'Dersim Ağıtlarını Bırak, Sivas'a, Uludere'ye Bak'
Başbakan Davutoğlu'na 'Stajyer Başbakan' diye seslenen CHP Sözcüsü Haluk Koç 'Dersim ağıtlarını bırak, Sivas'a Uludere'ye bak' dedi.
CHP'li Koç, MYK şu anda haftalık toplantısını yaptı.
İşte Koç'un konuşmasından satırbaşları;
Kudüs'e dinci inci Irkçı faşit İsrail kanadının İslamın kutsallarına saldırısını bir kez daha kınıyoruz.
Esas aktörün milli günlerimizde bir hastalık bahanesini yaratma durumuna alışık olduk. Esas aktörün 10 kasımda yine böyle davranması üzerine sayın Davutoğlu sahne aldı.
Pazarlığı yürütenler dışında AKP seçkinlerinin milletvekillerinin dahi ayrıntılı bir bilgisi olmadığı bir süreç bu, adı çözüm süreci. Sayın Akdoğan bu süreci anlamamayı bir zeka özürü olarak tanımlasa da kendilerinin ne kadar zeka özürlü olduklarını anlayacak kadar akıllı olduklarını düşünüyorum.
Stajyer Başbakan en büyük itirafçı konumuna girdi ve şunları söyledi. 'Aslında vardığımız anlaşma sonucu çekileceklerdi, çekilmediler' diyor ve daha da ileri gidiyor. kendilerine ait bir yargı düzeni kurdular, yol kesmeler başladı, vergi almaya başladılar diyor. İtiraflar ardı arkasına gelmeye başladı.
İtiraflardan yola çıkarak sonuçtan geriye geliyoruz. Silahlı yapılar yurtdışına çıkacak dediniz mi dediniz, çıktılar mı çıkmadılar. Bunları Başbakanlık koltuğunda oturan bu stajyer söylüyor.
Mikrofon buldun mu milliyetçi söylemlerle halkın gazını alacaksın, perde arkasında pazarlık yapacaksın.

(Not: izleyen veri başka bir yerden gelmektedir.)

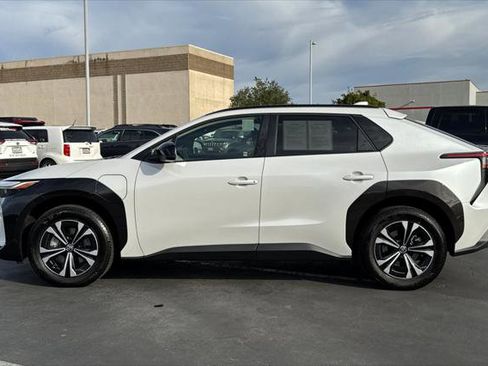 Certified 2025 Toyota bZ4X FWD image 9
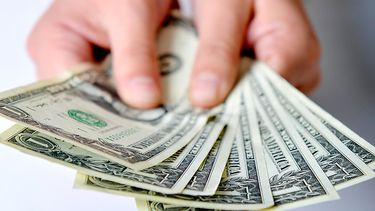 Los 8 multimillonarios que tienen más dinero que el 50% de la población mundial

Alan hakimiyetini müzakere masasındaki arkadaşlarınıza devreden siz değilmisiniz. Bu basiretsizlik sizin basiretsizliğiniz değilmi. ondan sonra gündem değiştirme kıvırma manevraları.
Ardından medya aracılığı ile Dersim ağıtları, Alevi yurttaşlarımıza yönelik aldatma senaryoları başlıyor.
Demokrat köstümleri giyip çıktınız piyasaya ama kafanız aynı, rüşvet alma verme, görgüsüzlük, yalanı gerçek gibi söyleme geleneğiniz aynı.
Ne yer altında ölüme mahkum ettiğiniz madenciler var sizin gündeminizde ne açlıkla kıvranan milyonlar var, bir tek kendi iktidarınız var.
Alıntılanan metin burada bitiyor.